The ‘Soy de Tejas’ exhibit at Centro de Artes in San Antonio runs through July 2. Photo courtesy Essentials Creative.

Soy de Tejas: A Statewide Survey of Latinx Art

Closing date: July 2
Venue: Centro de Artes
Address: 101 S. Santa Rosa Ave., San Antonio
Phone: 210-206-2787

In 1985, South Texas musician Steve Jordan sang “Soy de Tejas,” a love letter he wrote to the state and to his Chicano heritage that went on to become a Tejano classic. Almost 40 years later, the song is being given a second life, serving as the title for Soy de Tejas: A Statewide Survey of Latinx Art—an ambitious exhibit at San Antonio’s Centro de Artes that aims to capture the same pride and celebratory spirit of Jordan’s iconic tune.

Featuring the work of 40 Latinx artists, the exhibit, on display through July 2, is meant to showcase the wide range of Latinx experiences across Texas. (The exhibition’s name translates to “I’m from Texas.”) When you take your first steps into the bright, modern space nestled in San Antonio’s historic Market Square, one of the first works you meet is Mi Apa, a larger-than-life painting of artist Arely Morales’ father. With a slight twinkle in his eye, a cooler and his lunch in hand, the portrait is a loving one, catching him just as he walks out the door.

Deeper in, there are saddles tricked out like lowriders, family portraits, and works that feature prayer candles, lotería cards, and the Virgen de Guadalupe.
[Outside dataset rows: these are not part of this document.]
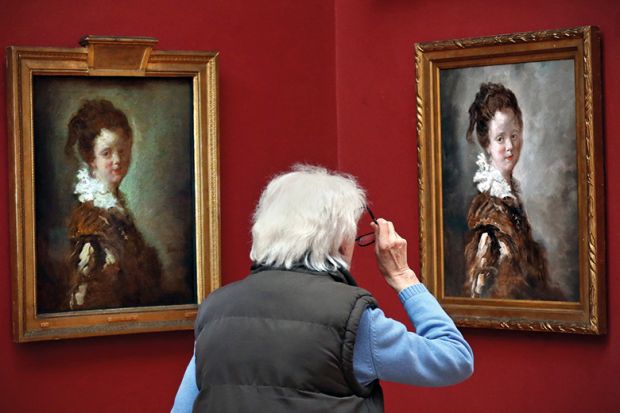 A visitor views a replica of Jean-Honore Fragonard’s 18th century painting ‘Young Woman’ (R) as the original hangs to its left on April 28, 2015 at Dulwich Picture Gallery in London, England.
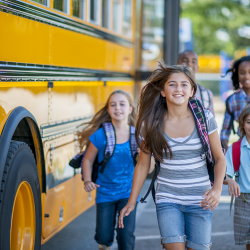 kids next to a school bus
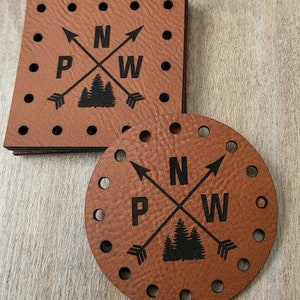 May include: A stack of square brown leather tags and a single circular brown leather tag, each featuring pre-punched holes along the edges. The tags are printed with a black graphic of two crossed arrows, the letters P, N, and W, and pine trees.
Mixed media artwork by Natalia Rocafuerte. City of San Antonio Department of Arts & Culture

Curator Rigoberto Luna wanted to tap into a visual lexicon of Latinx culture that felt familiar, but also challenged visitors. He selected an array of artists that are representative of their local scenes, newcomers, Texans who were born here, others who were raised here, all coming together to form a tapestry of Latinx life in Texas. With this approach, it was important to Luna that each piece be accompanied by a placard stating where the artist was from and where they’re based now.
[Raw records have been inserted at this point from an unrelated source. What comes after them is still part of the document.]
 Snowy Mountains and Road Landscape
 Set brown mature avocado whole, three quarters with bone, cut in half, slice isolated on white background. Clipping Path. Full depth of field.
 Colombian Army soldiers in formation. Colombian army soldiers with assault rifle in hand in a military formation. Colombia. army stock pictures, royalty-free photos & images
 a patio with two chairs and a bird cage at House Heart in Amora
“I wanted people to think about our pathways,” he says. “People have come here in different ways, but even if you leave, you can’t erase the time you’ve spent in Texas.”

Displaying the exhibit in the south-central city of San Antonio was a no-brainer, says Luna. “There aren’t a lot of spaces like [the Centro de Artes] across the state that are specific to the Latino experience,” he says. Luna, who also works as the founder, director, and curator of San Antonio’s Presa House Gallery, has made it his mission to challenge the status quo of the art world and support homegrown talent. Presa House Gallery’s new exhibit, Aquí y Allá, opening this weekend and running through April 15, features pieces by women artists and is curated by Dallas-based Nuestra Artist Collective.
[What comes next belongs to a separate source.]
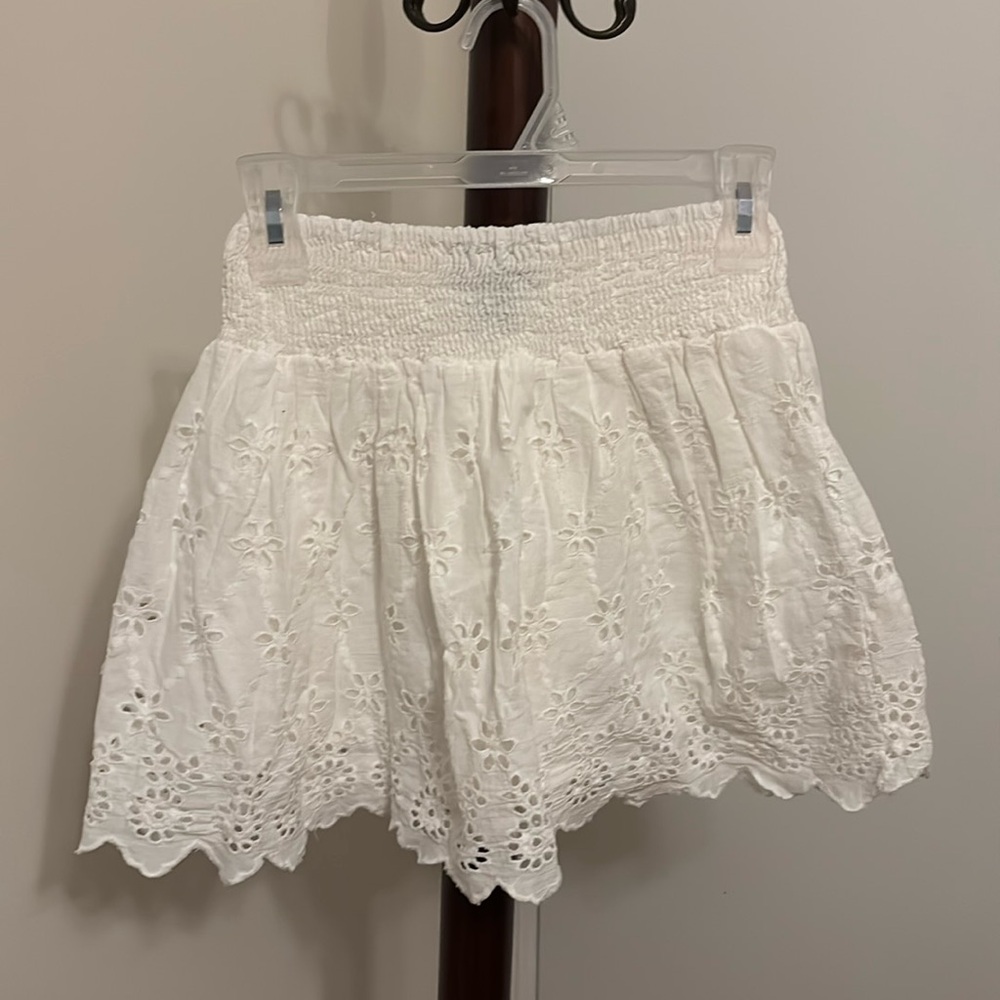 Eyelet lace flared white mini skirt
Luna has spent the last 10 years cultivating relationships with artists across the state, familiarizing himself with each distinctive art region as he and his partner and Presa House co-founder, Janelle Esparza, set off to art hubs in cities like Corpus Christi, Brownsville, Houston, Dallas, and El Paso to take in gallery openings and visit artists in studio. In the back of his mind, Luna was keeping track of each artist he met, eventually compiling a list of more than 200 who were considered for Soy de Tejas. The sheer scope of the exhibit—over 100 multimedia installations, paintings, sculptures, and even live performance pieces sprawled out over two floors—is something to behold. But more than that, their placement tells a story.

‘Mi Apa’ by Arely Morales. Photo courtesy City of San Antonio Department of Arts & Culture.

Making your way through the exhibit, you encounter different themes: the entrance is focused on family and the types of labor parents perform in order to pave the way for future generations. One standout piece, Untitled (Basket Performance) by Christian Cruz, is a performance art piece in which the artist stacks and balances empty white laundry baskets on her head while she’s turned away from onlookers—a testament to the repetitive and often underappreciated labor of the working class. Visitors can witness the piece on special performance nights during the exhibit’s run.

Other corners of the exhibit focus on themes of displacement, alienation, faith, and food. “All of that combined, with all of these artists together, it’s so many different juxtapositions,” Luna says. “I’m trying to give a glimpse of what it means to be Latinx in Texas.”

A 2019 study of 18 major U.S. museums found that 85 percent of works in their collections belonged to white artists. With exhibits like Soy de Tejas, Luna provides Latinos with an experience that’s often rare in his line of work: seeing themselves reflected. “I’m hoping that the viewers coming from all over can find a piece they relate to,” he says.